Lisa has been farming in the Berkshires for the last ten years, and the pork, lamb and chicken we buy from her are a result of her last six years of animal farming in Lenox. She and her husband had started with an organic vegetable farm, trying the Community Supported Agriculture (CSA) route, but was unable to find CSA customers in her area. More popular to the north and south in Berkshire county, CSA's have yet to take off around her ("which is okay, because they will," she says, confidently). She joined Berkshire Grown, a community network that connects growers directly to buyers, and that's when her business took off. "The chefs wanted to know what I was growing," she says, " and I wanted to know what they were buying. We made gentleman's agreements - if I could successfully grow something, I knew they would buy it."
From veggies to animals
After Lisa's daughter raised a sheep for a 4-H project, the family got hooked. "All of a sudden sheep just started coming to us. People brought them to us who had started them for 4-H and didn't want to keep them, or people who were done raising sheep and wanted them to go to a good home." Eventually her daughter bought a pure-bred ewe, and then they discovered California Red Sheep, River Valley Farm's signature breed. Known for its delicate flavor and tender meat, as well as for their unique, silky wool, these sheep also do well on a grass-fed diet, something Lisa is committed to. "Grass is what sheep naturally eat, so we selectively breed for animals that can put on weight on an all-grass diet." Over the summer, as the sheep give birth, the herd grows to about one hundred animals. River Valley Farm also raises goats (pictured above, a baby goat), which graze on the plants that the sheep won't eat, and has two "guard llamas, who watch over the sheep," says Lisa. Alpaca and feeder pigs round out the farm.

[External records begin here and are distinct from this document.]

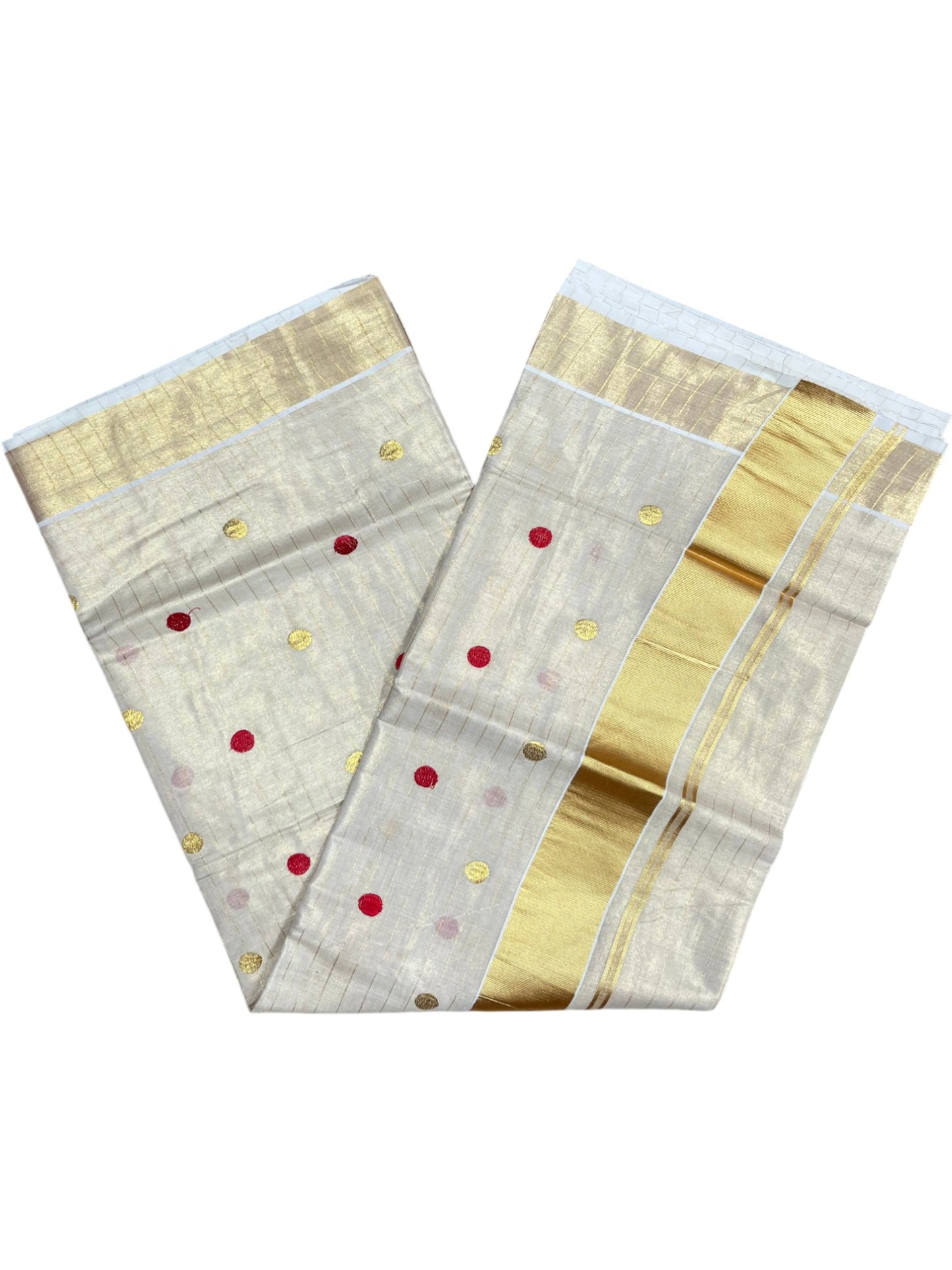 Southloom Kerala Tissue Kasavu Saree with Gold & Red Polka Embroidery Works on Body SL281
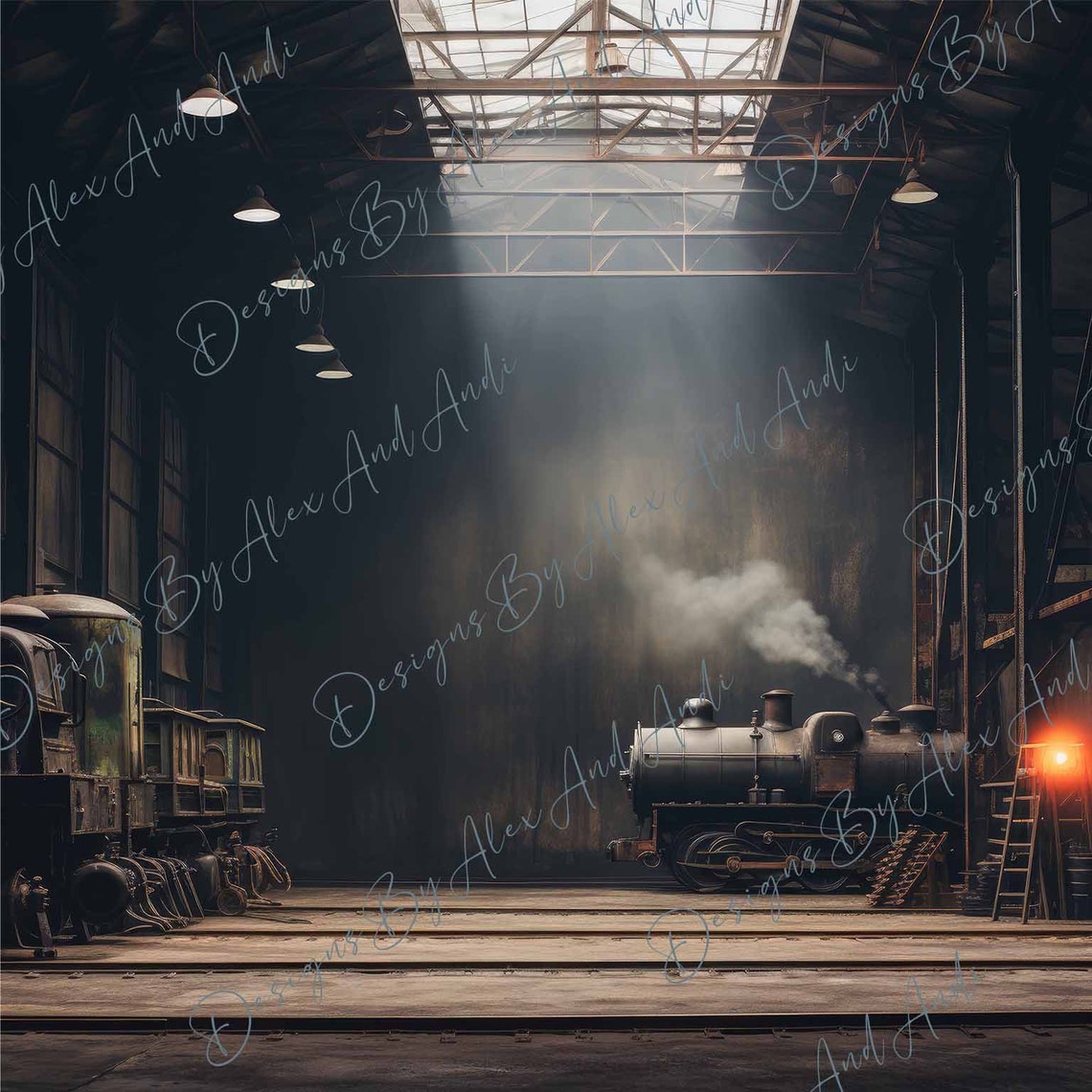 Train Station Digital Backdrop Overlay Child Background Photo Shoot ...
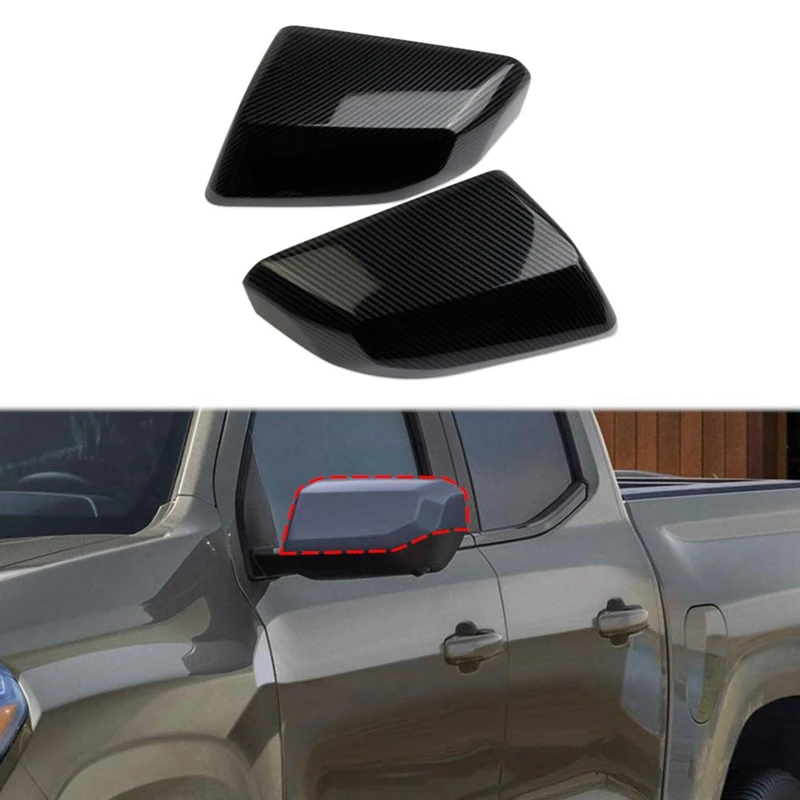 For Chevrolet Colorado GMC Canyon 2023-2024 ABS Carbon Fiber Car Rearview Mirror Cover Cap Trim Accessories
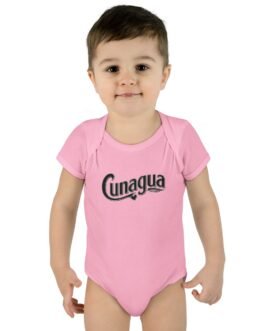 cunagua infant bodysuit | minimal baby one piece with branded script logo | soft airlume cotton jersey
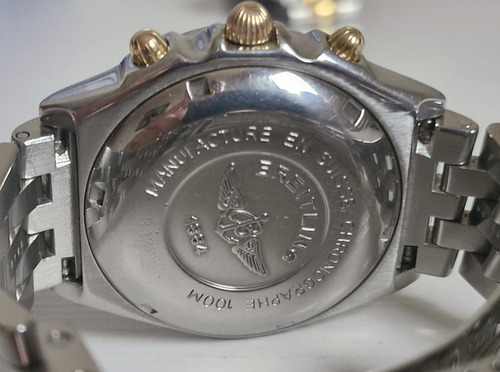 Relógio Breitling Chronomat Aço E Ouro. Fundo Azul. Ouro E Aço Ouro E Aço Azul (Usado)
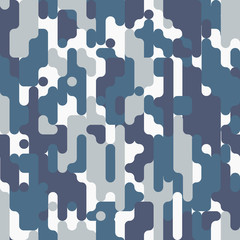 Wall Mural - Military camouflage pattern. Blue print.  Repeating seamless texture.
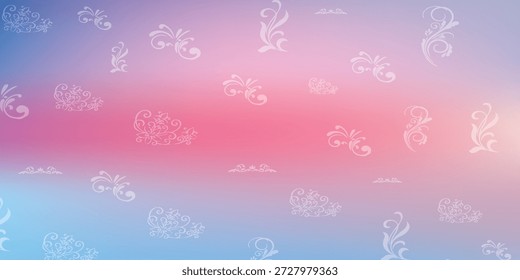 A gentle, abstract background featuring a smooth gradient transitioning from soft blue to pink and purple, with faint, delicate floral patterns subtly overlaid.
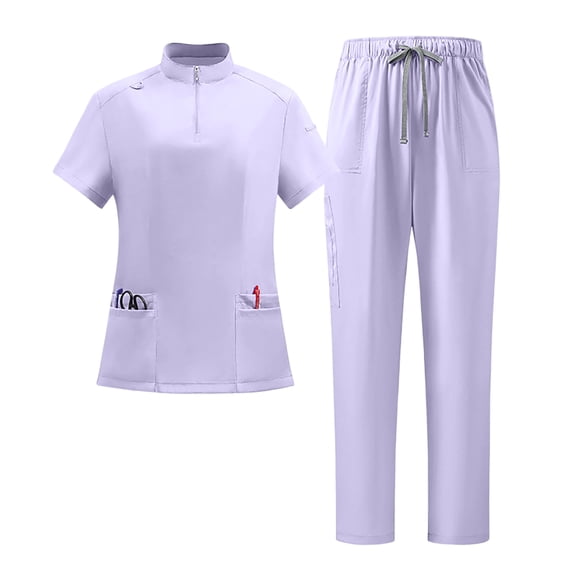 VV AVEORS Scrubs For Women Set-Zipper Collar Top & Drawstring Straight Pants Scrubs Set Medical Nursing Uniforms Light Purple L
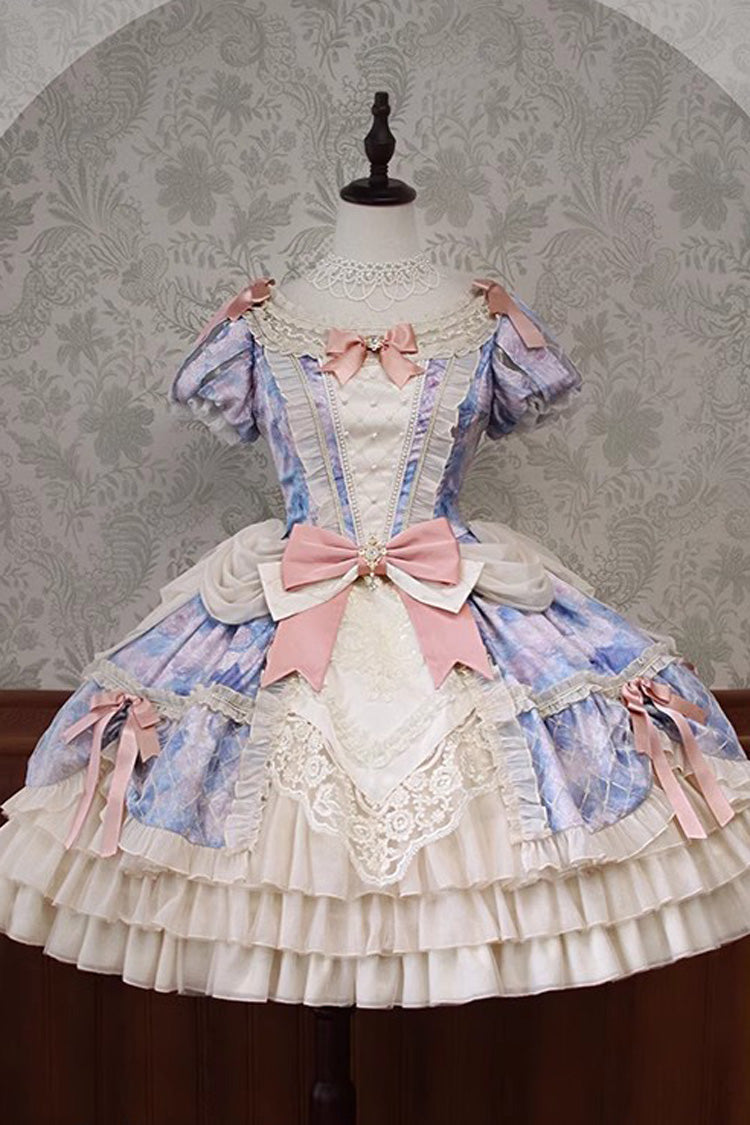 Angel Heart Sky Oil Painting Print Ruffle Cardigan Bowknot Sweet Princess Lolita Dress 3 Colors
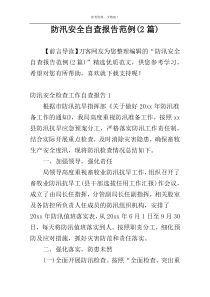 防汛安全自查报告范例(2篇)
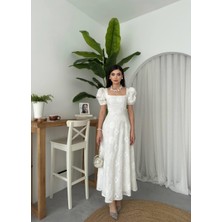 Nakışlı Fisto Uzun Desenli Elbise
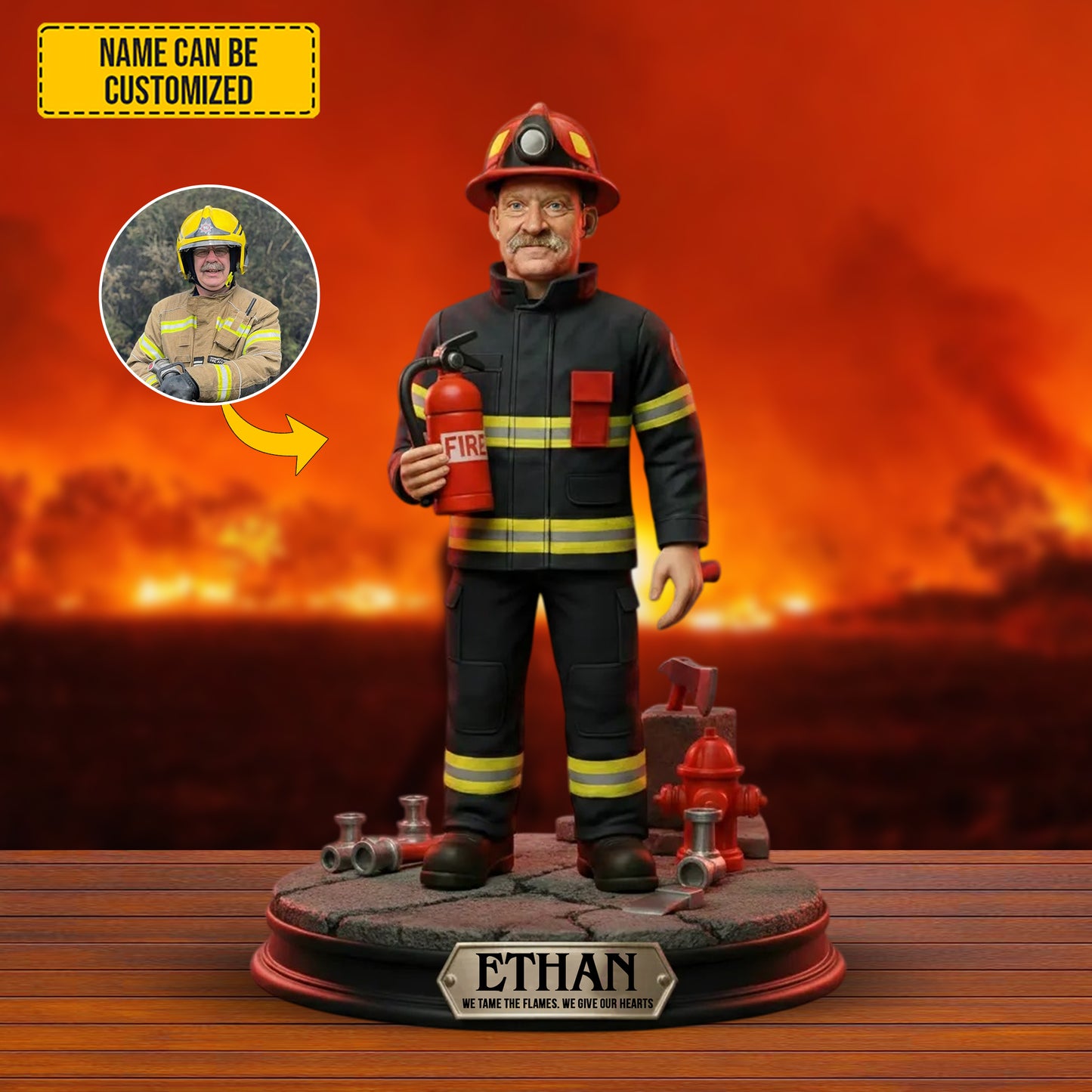 Firefighter Valor – Personalized Photo Acrylic Plaque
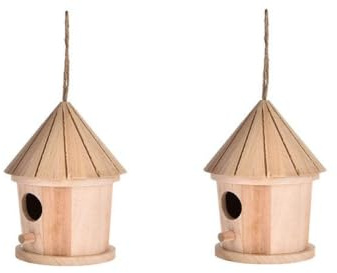 Vogelnest – Kolibri-Haus, 2-teilig, Sitzstangentaschen für Vögel, Kolibri-Nestschaukel aus Holz | Nistplatz von Vögeln zum Aufhängen, Finkensänger, Vogelhaus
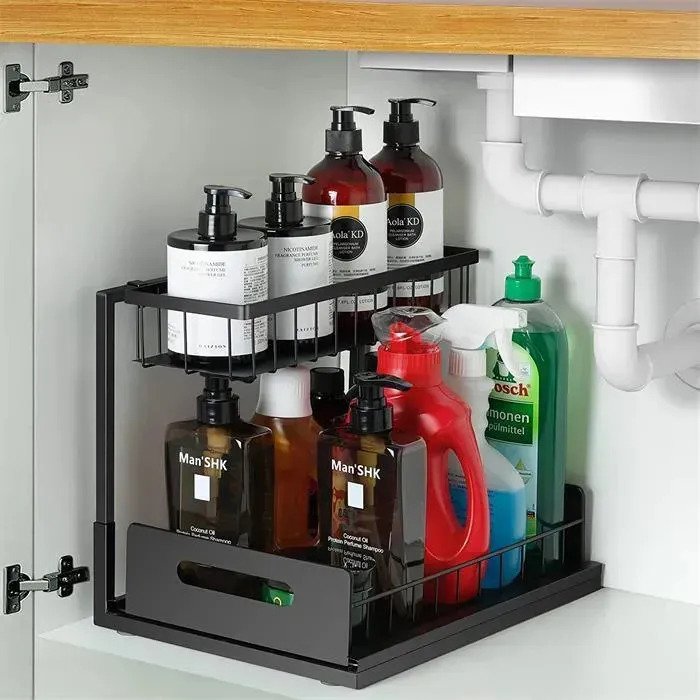 Organizador Alacena Bajo Mesada Extraible 2 Niveles Acero - Imagen 3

Lisa says that it is now easy to sell to restaurants, that chefs have begun to catch on to the advantages of local food. "Chefs want the highest quality product they can find, and nothing is higher quality than something that was picked that morning. Something that has been shipped from California and is two days old, even if it is organic, just can't compete."
Though the farm is organic (not certified) and, even more impressively, certified biodynamic (a European method of farming that views the farm as a single ecosystem, rather than disparate systems), she says that people are much more interested in having a relationship with their food producer and thus, their food. "People love that they can drive up to our farm at any time and see a sheep. We tell them how we practice our farming, about the organic and biodynamic processes, and while people are happy about that, it's really just a bonus for them. What they enjoy is having a relationship with the person who produces their food."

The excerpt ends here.